Given: Cost of blouse = GHC 14

           Cost of skirt = GHC 16

           Cost of dress = GHC 25

           Cost of pantyhose = GHC 3 for 2 pairs

           Cost of socks = GHC 7

To Find: Total cost of 2 skirts, 1 dress and 4 pairs of pantyhose when there is 20% off on the price of skirts.

Solution:

• In this question, we will simply find out the final cost of the lady's purchases by adding their price.
• In the case of skirts, first we will find cost after reducing 20% of initial cost.

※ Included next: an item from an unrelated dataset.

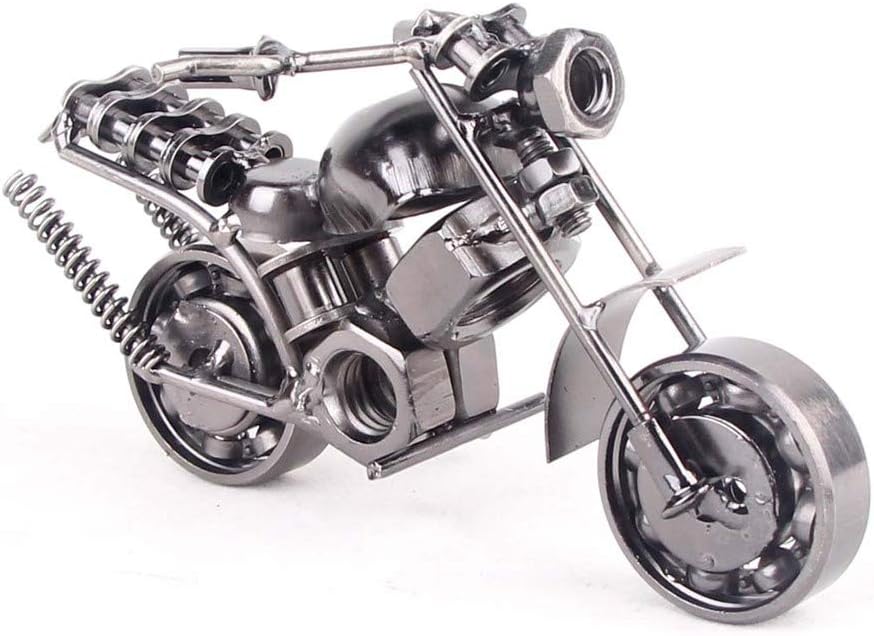 Fancinate 6" Retro Handmade Nuts and Bolts Iron Motorcycle Scale Model Scrap Metal Collectible Art Sculpture Statues Ornament Motorbike Home Decor Vintage Gifts (M35C Metal Grey)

                 Initial cost of skirt = GHC 16

                 Sale on skirts = 20%

                  ⇒ 20% of 16 = $\frac{20}{100}$ × 16

                 ⇒ GHC 3.2

∴ Final cost of skirts = 16 - 3.2 =  GHC 12.8              

So cost of 2 skirts = 12.8 × 2 = GHC 25.6             (1)

• Cost of 1 dress = GHC 25                            (2)
• Cost of 2 pairs of pantyhose = GHC 3

              ∴ Cost of 4 pairs of pantyhose = $\frac{3}{2}$ × 4    (applying unitary method)

                 Final cost of pantyhose = GHC 6            (3)

∴ Final cost of all purchases = (1) + (2) + (3)

                                               ⇒ 25.6 + 25 + 6

                                               ⇒GHC 56.6

Hence the lady will have to pay GHC 56.6.